⟨
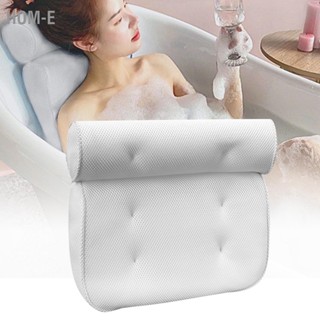 Hom-E Bath Pillow 3D Mesh Fabric Soft Bathtub with Suction Cups Spa Cushion for Back Neck Support Rest White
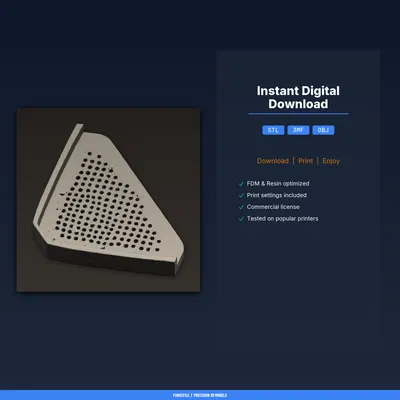 Kệ góc phòng tắm hình tam giác có lỗ thoát nước – File STL in 3D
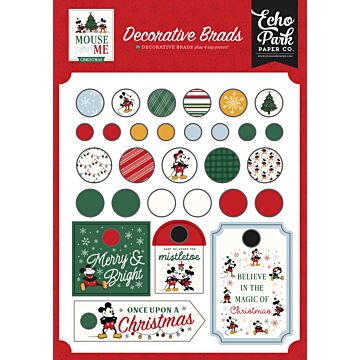 Echo Park Mouse and Me Christmas Decorative Brads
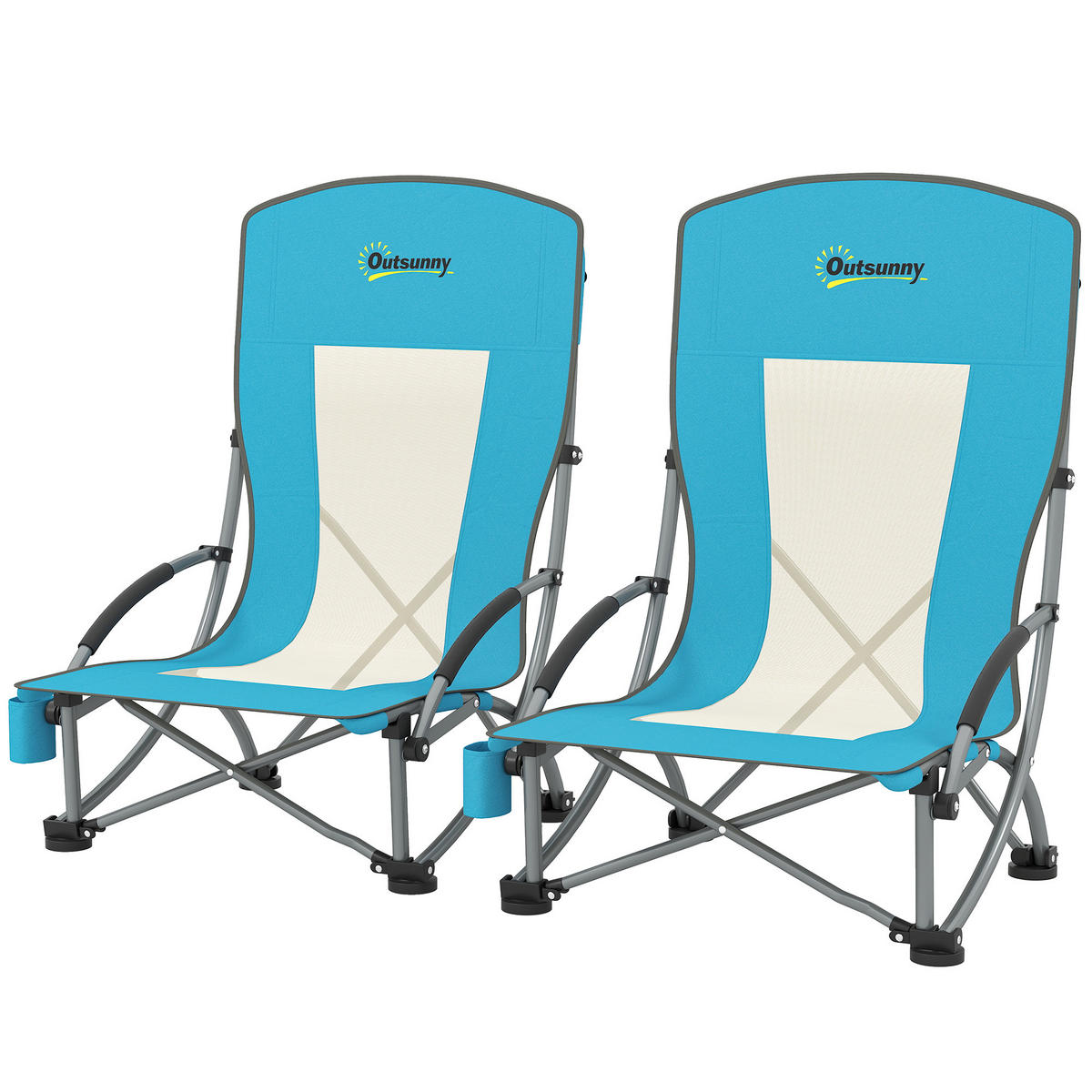 GARTENKLAPPSESSEL DE-15662 70/58/79 cm, mit Getränkehalter Blau - Blau, Metall (58/79/70cm) - ComfortXL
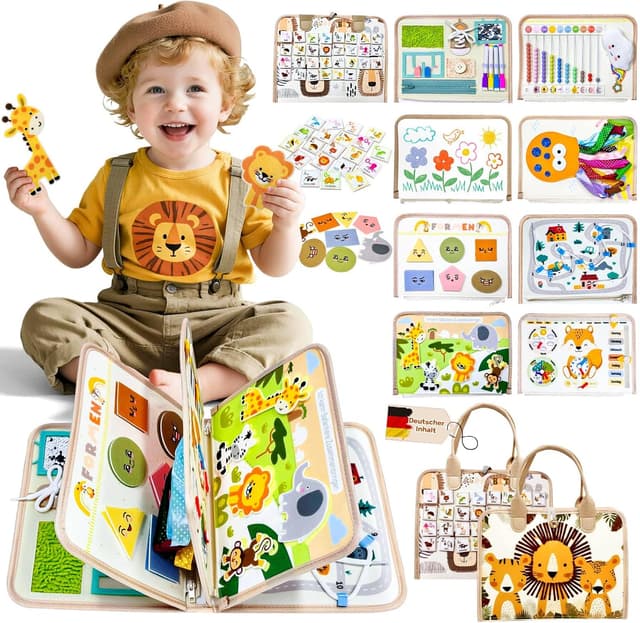 Thumbnail 6 de Sumtoco Busy Board „Dinosaurier“ – Montessori-Spielzeug 1–4 Jahre, 9-in-1 Filz-Quiet-Book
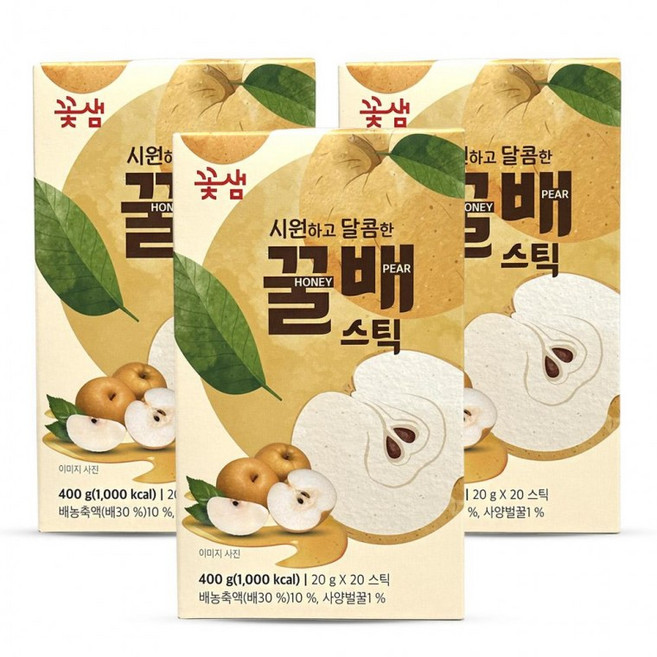시원 달콤 꿀 배 음료 스틱 액상 차 20T 3개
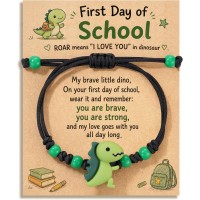 HGDEER Roar Means I Love You Dinosaur Bracelet, First Day of School Gift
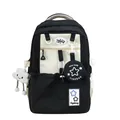 Minimalistische zwart-witte schoolrugzak met een wolkenhanger en mini-tas accessoire - Zwart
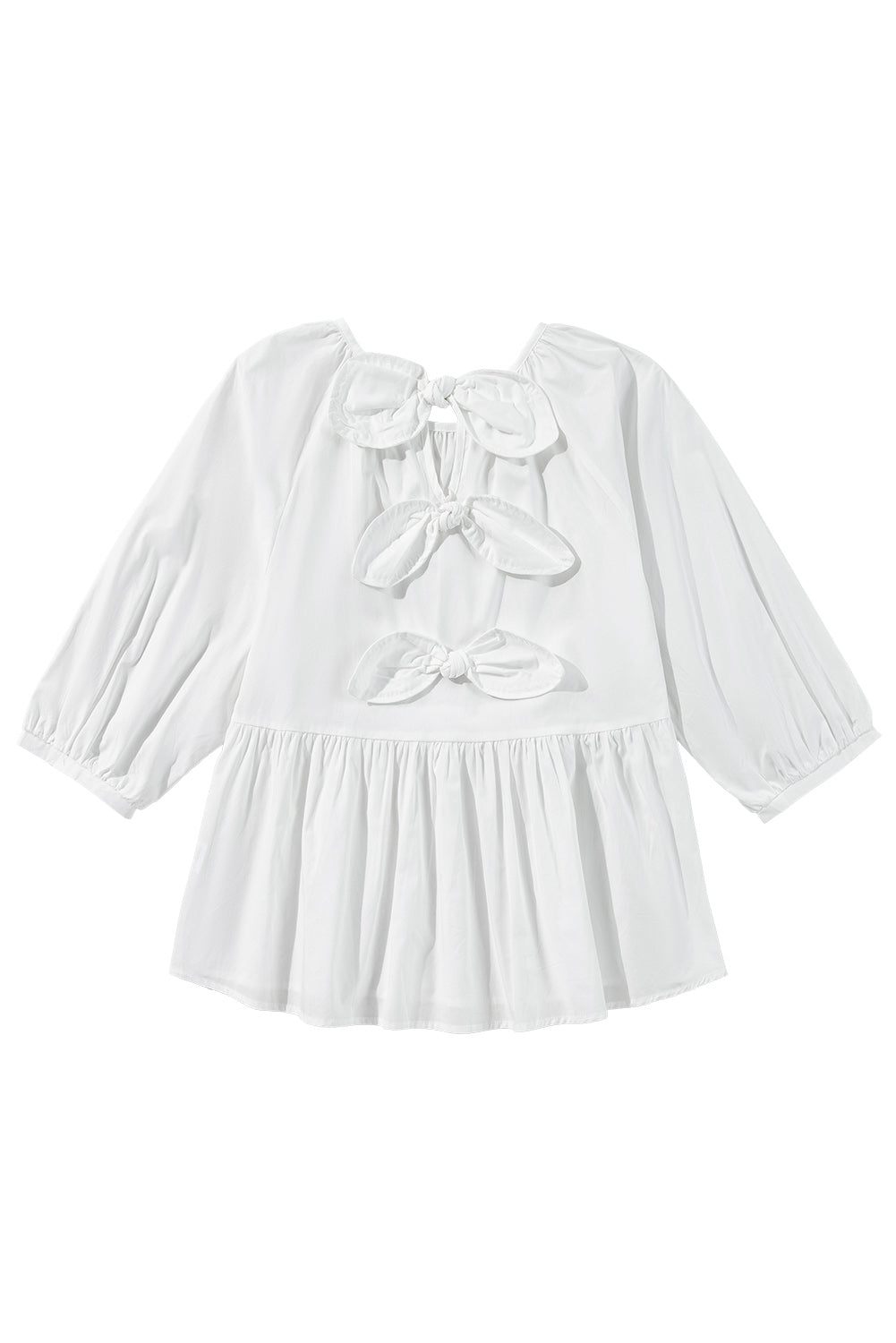 White Bow Knot Loose Fit Blouse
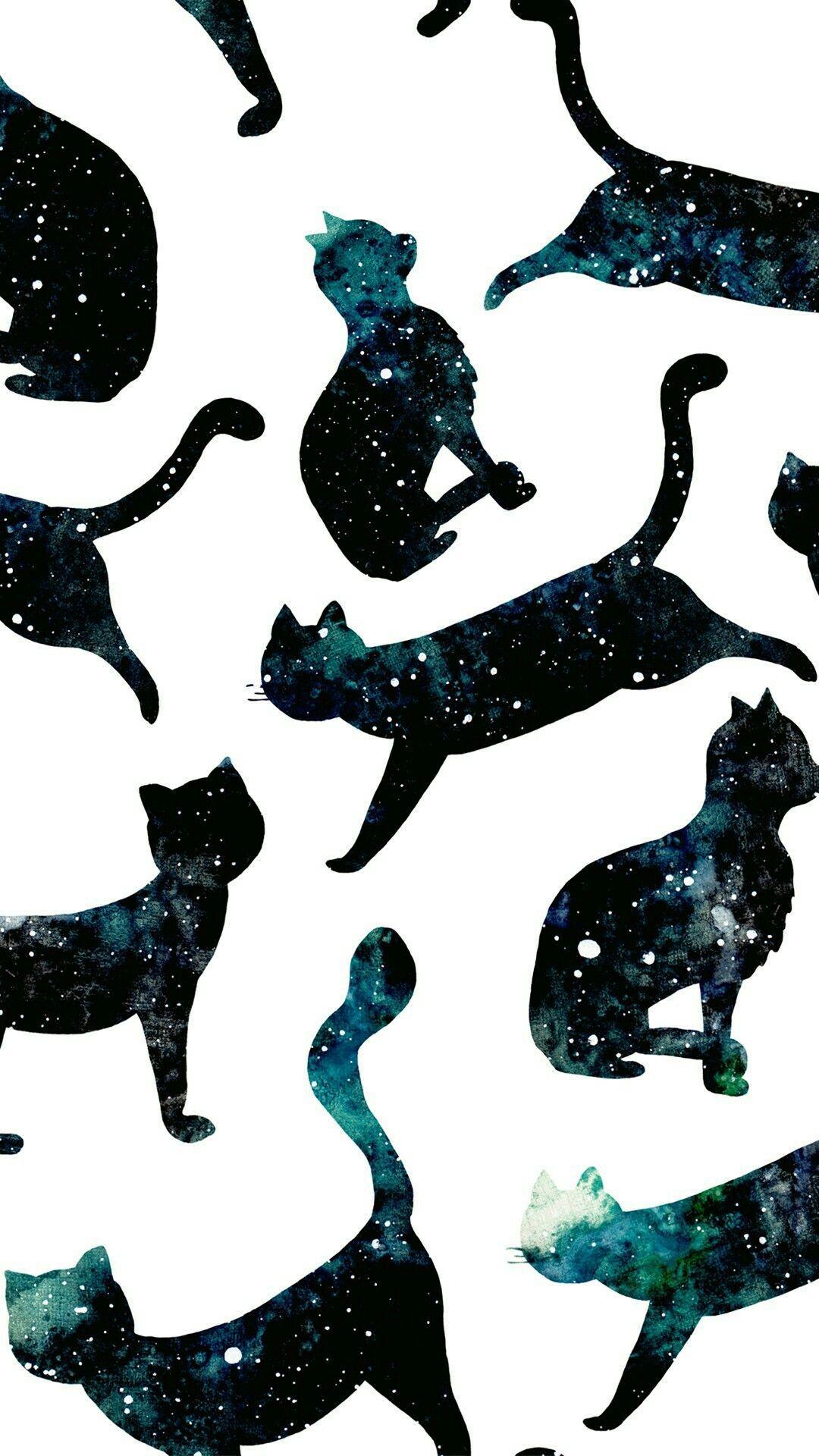 Wallpaper, cat, Galaxy. Neko wall paper ideation. Cat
⟩
**Task to carry out**
Your answer must be the lines from the one containing "Echo Park Mouse" through the last line of the records, printed exactly with no pictures; please include both ends.

**Result below**
 Echo Park Mouse and Me Christmas Decorative Brads
 GARTENKLAPPSESSEL DE-15662 70/58/79 cm, mit Getränkehalter Blau - Blau, Metall (58/79/70cm) - ComfortXL
 Thumbnail 6 de Sumtoco Busy Board „Dinosaurier“ – Montessori-Spielzeug 1–4 Jahre, 9-in-1 Filz-Quiet-Book
시원 달콤 꿀 배 음료 스틱 액상 차 20T 3개
 HGDEER Roar Means I Love You Dinosaur Bracelet, First Day of School Gift
 Minimalistische zwart-witte schoolrugzak met een wolkenhanger en mini-tas accessoire - Zwart
 White Bow Knot Loose Fit Blouse
 Wallpaper, cat, Galaxy. Neko wall paper ideation. Cat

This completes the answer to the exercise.